*Assigned task*. Lines from the line with "Aimant Parc national olympique (Devant)" to the line with "UP Chief Minister" in the entries below, and only those, must be output exactly, with both ends included.

*Material supplied*.

#####

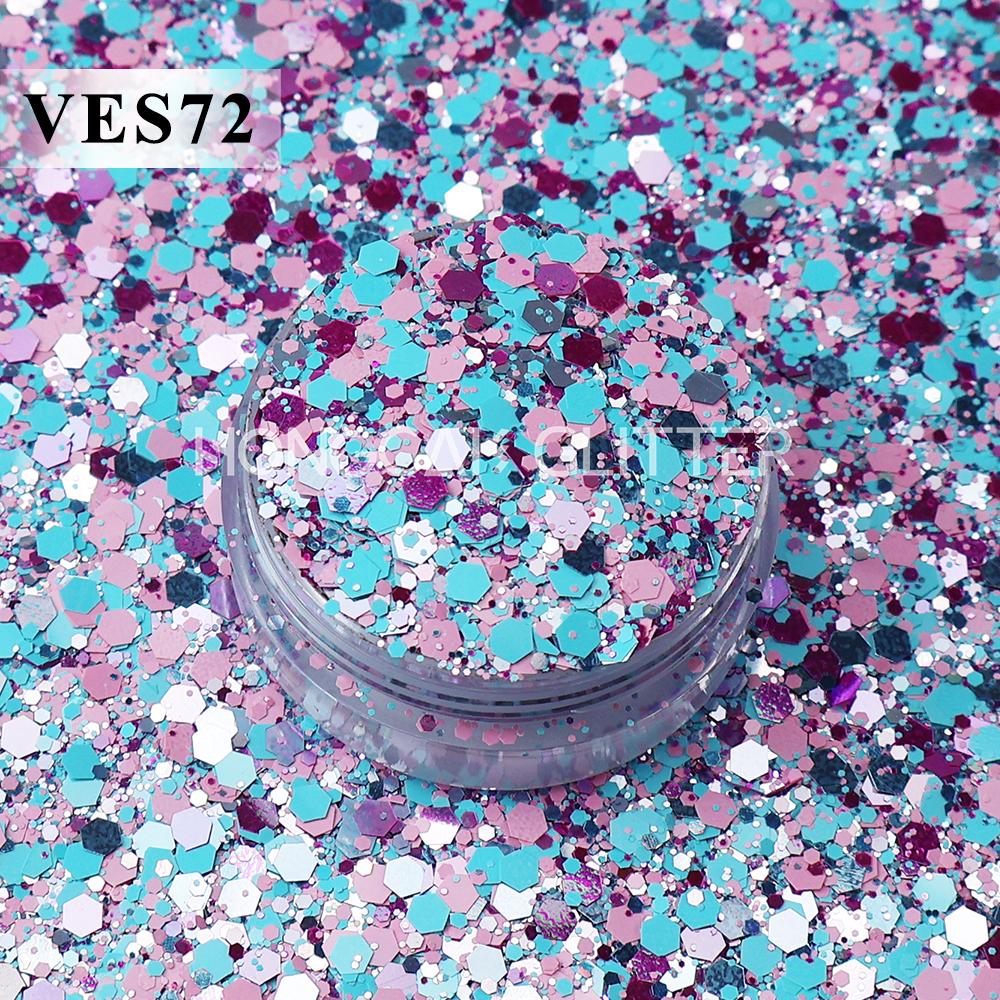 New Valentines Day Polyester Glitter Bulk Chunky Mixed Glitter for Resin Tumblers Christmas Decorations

#####

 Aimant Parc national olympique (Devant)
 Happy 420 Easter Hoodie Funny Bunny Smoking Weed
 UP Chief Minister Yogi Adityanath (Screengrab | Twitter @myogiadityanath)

#####

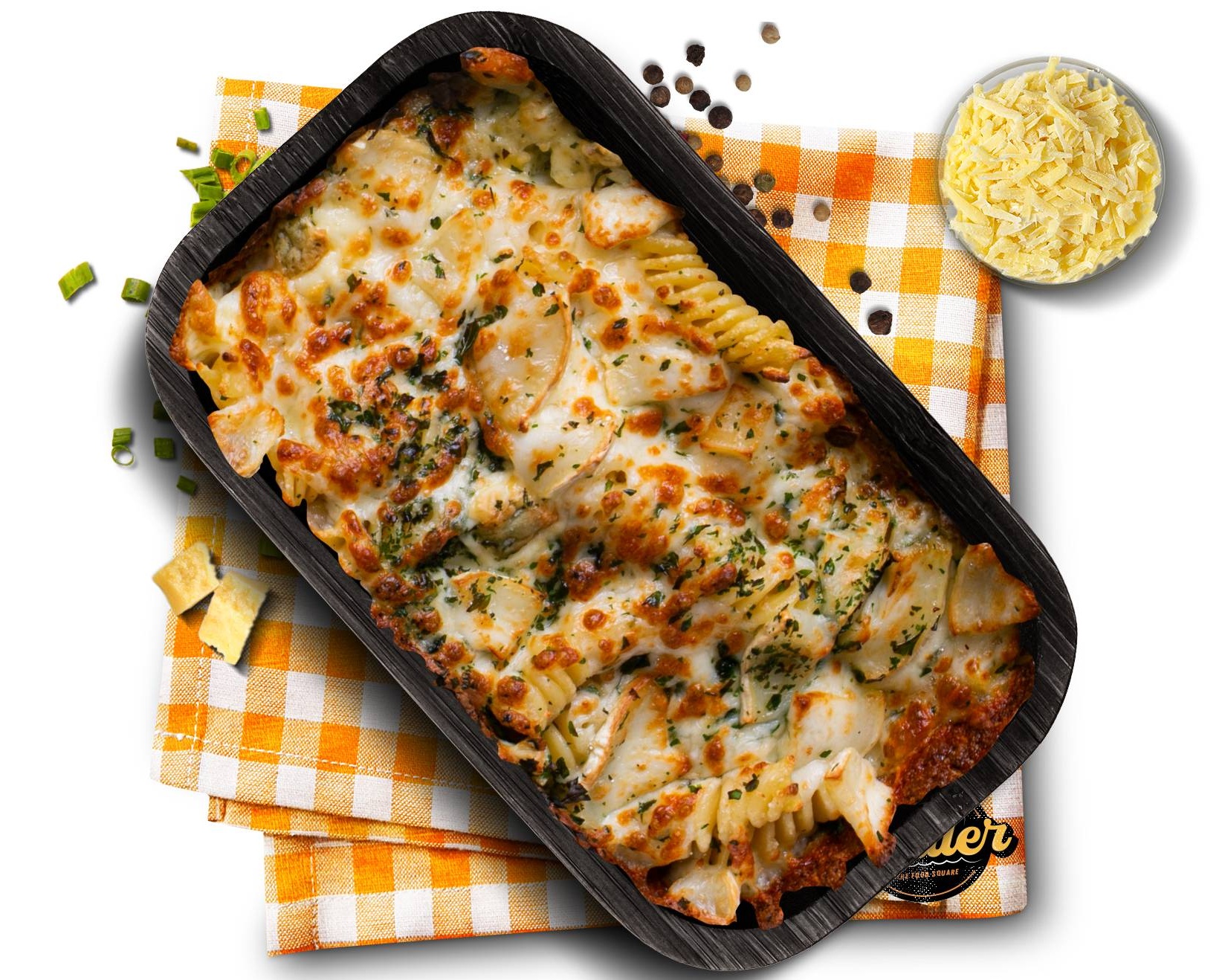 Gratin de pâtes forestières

#####

*Completed task*.
 Aimant Parc national olympique (Devant)
 Happy 420 Easter Hoodie Funny Bunny Smoking Weed
 UP Chief Minister Yogi Adityanath (Screengrab | Twitter @myogiadityanath)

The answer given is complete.